# TASK GOAL
Copy out every line of the data exactly; do not include the images.
-.-.-
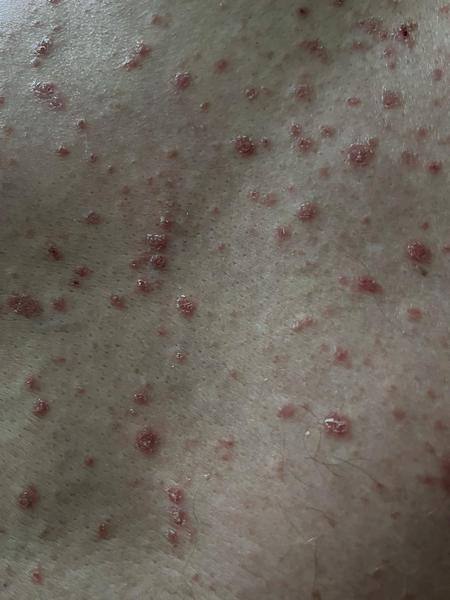 Vyrážky bez svrbenia a nezlepšenie po liekoch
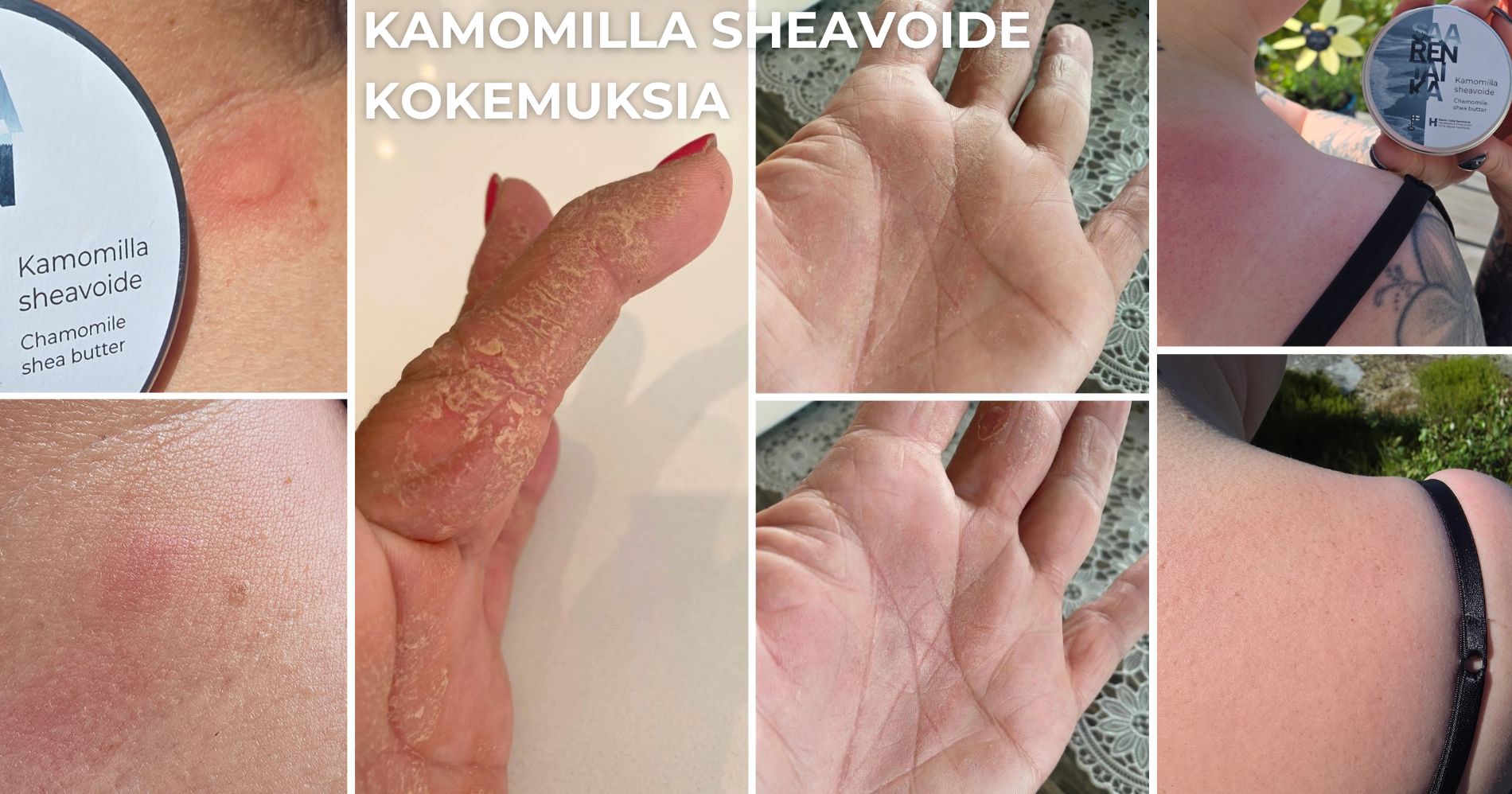 Kamomilla sheavoide kokemuksia atooppiselle iholle ja psoriasis iholle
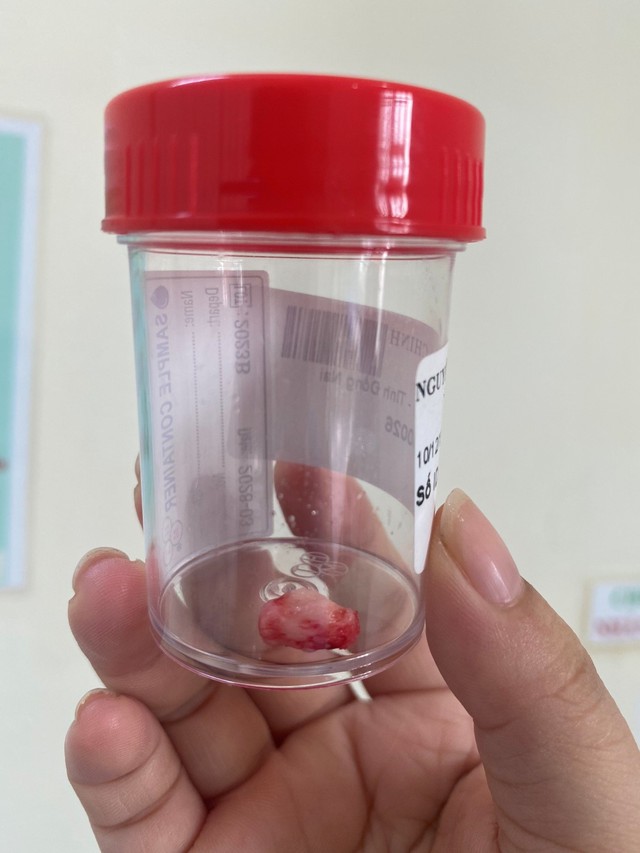 Chuyên khoa Tai mũi họng – Bệnh viện Hoàn Mỹ ITO Đồng Nai phẫu thuật thành công cho bệnh nhân có răng mọc lạc chỗ trong xoang sàng - Ảnh 2.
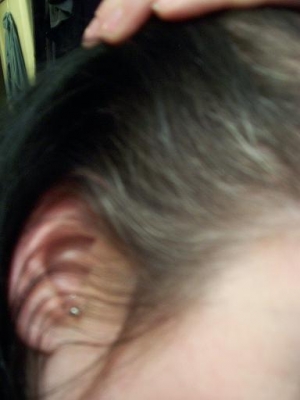 right side right side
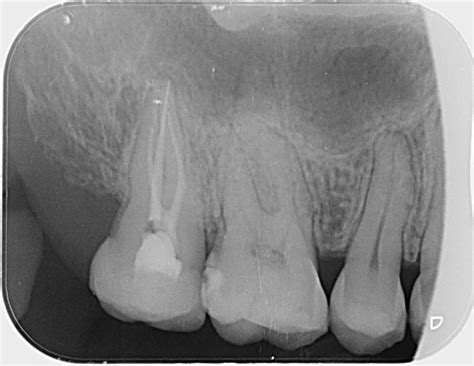 Periapical X-ray dental - Heritage Dental Group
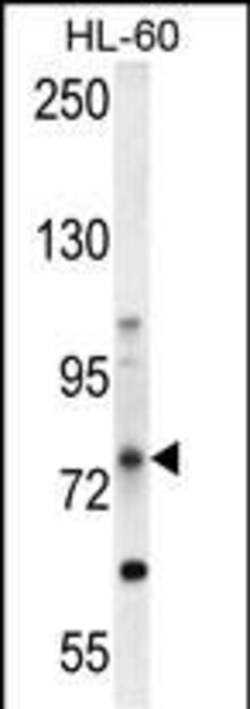 Invitrogen ABCD1 Polyclonal Antibody 400 &mu;L; Unconjugated:Antibodies,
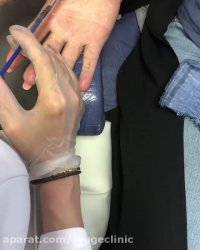 تزریق بوتاکس کف دست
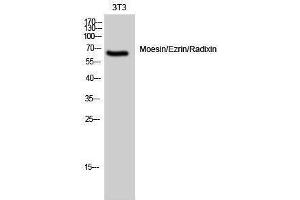 Western Blotting (WB) image for anti-Moesin/ezrin/radixin (Ser105) antibody (ABIN3185614) (Moesin/ezrin/radixin (Ser105) 抗体)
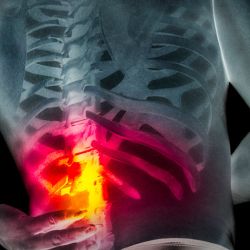 Structural Correction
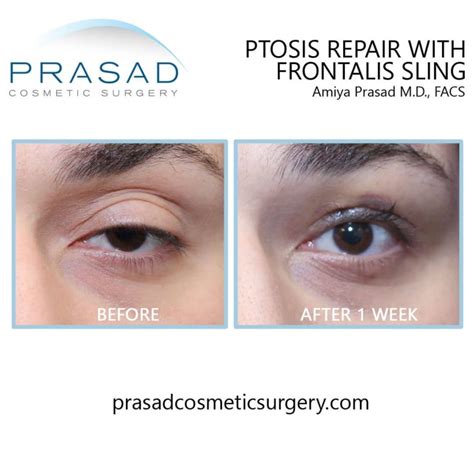 Healing After Ptosis Surgery Dr Prasad Blog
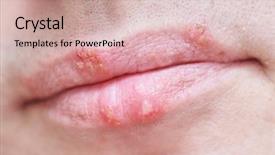  Presentation with virus infection - PPT theme consisting of hsv - herpes simplex virus infection background and a coral colored foreground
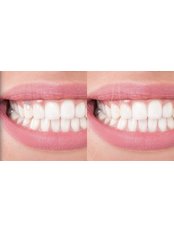 Metal-Free Implants, ceramic Swiss Dental Solutions (SDS) - Auksteja, UAB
-.-.-
# WRITTEN ANSWER
 Vyrážky bez svrbenia a nezlepšenie po liekoch
 Kamomilla sheavoide kokemuksia atooppiselle iholle ja psoriasis iholle
 Chuyên khoa Tai mũi họng – Bệnh viện Hoàn Mỹ ITO Đồng Nai phẫu thuật thành công cho bệnh nhân có răng mọc lạc chỗ trong xoang sàng - Ảnh 2.
 right side right side
 Periapical X-ray dental - Heritage Dental Group
 Invitrogen ABCD1 Polyclonal Antibody 400 &mu;L; Unconjugated:Antibodies,
 تزریق بوتاکس کف دست
 Western Blotting (WB) image for anti-Moesin/ezrin/radixin (Ser105) antibody (ABIN3185614) (Moesin/ezrin/radixin (Ser105) 抗体)
 Structural Correction
 Healing After Ptosis Surgery Dr Prasad Blog
  Presentation with virus infection - PPT theme consisting of hsv - herpes simplex virus infection background and a coral colored foreground
 Metal-Free Implants, ceramic Swiss Dental Solutions (SDS) - Auksteja, UAB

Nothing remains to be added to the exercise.